Palestinian human rights activist says UNRWA is using Palestinians as pawns

He wants the UNHCR to come up with a plan to permanently resettle the Palestinians and forget the “right of return.”

Bassam Eid. Photo: http://israelmatzav.blogspot.com/2010/07/bassam-eid-iran-perpetuating.html

Unbelievable that a Palestinian would have the guts to say that the special UN agency (UN Relief and Works Agency) set up more than sixty years ago to supposedly care for Palestinian refugees, is basically corrupt, too cozy with Hamas, not being watched closely enough by donor countries like the US, and is using the Palestinians as pawns.  Whew!

From The Algemeiner (emphasis is mine):

Bassam Eid, a prominent Palestinian human rights activist, has issued an urgent plea for a serious overhaul of UNRWA, the UN agency tasked with caring for the Palestinian refugees of the 1948 war in which Arab armies failed to prevent the creation of the State of Israel.

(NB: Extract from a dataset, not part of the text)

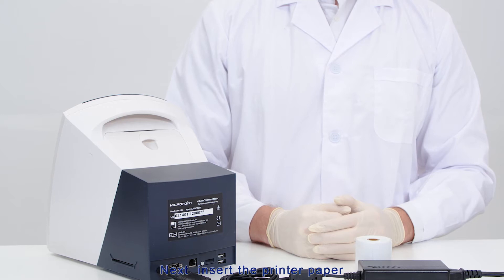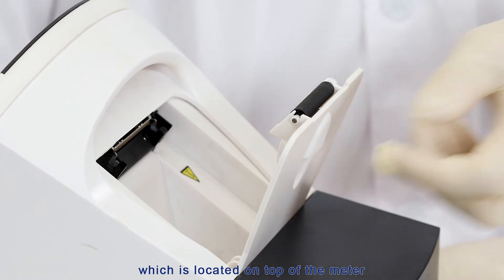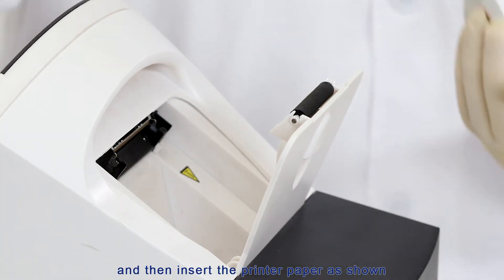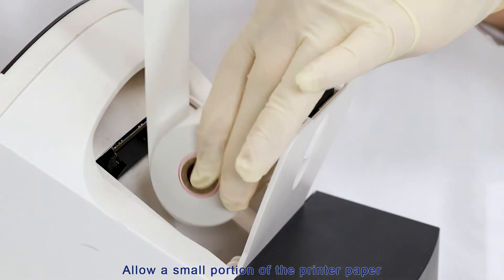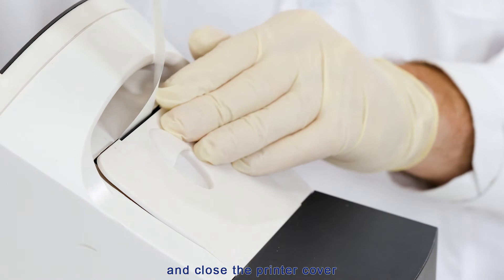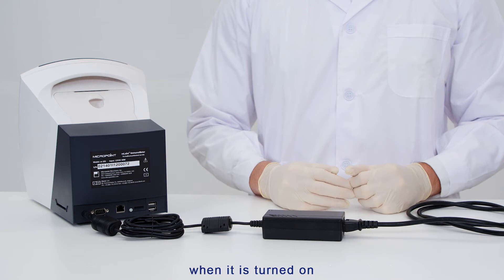Next, insert the printer paper. Pull up and open the cover of the thermal printer, which is located on top of the meter, then insert the printer paper as shown. Allow a small portion of the printer paper to extend outside of the printer paper compartment and close the printer cover. The meter will automatically feed the thermal printer when it is turned on.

Eid, the Director of the Palestinian Human Rights Monitoring Group, is currently visiting London, where he addressed a meeting at the British parliament organized by the Henry Jackson Society, an international relations think-tank, entitled “Perpetuating Statelessness? UNRWA, Its Activities and Funding.” In that presentation, Eid, who was raised in the UNRWA refugee camp in Shu’afat, east of Jerusalem, harshly criticized the agency for perpetuating the plight of the refugees as well as for its political relationship with Hamas.

Sixty-six years after it was created, UNRWA is still promising Palestinians that they will return to their homeland,” Eid told The Algemeiner by telephone. “In my opinion, causing five million Palestinian refugees to suffer more and more under the umbrella of the ‘right of return’ is a war crime. They are being used as pawns in a war strategy.”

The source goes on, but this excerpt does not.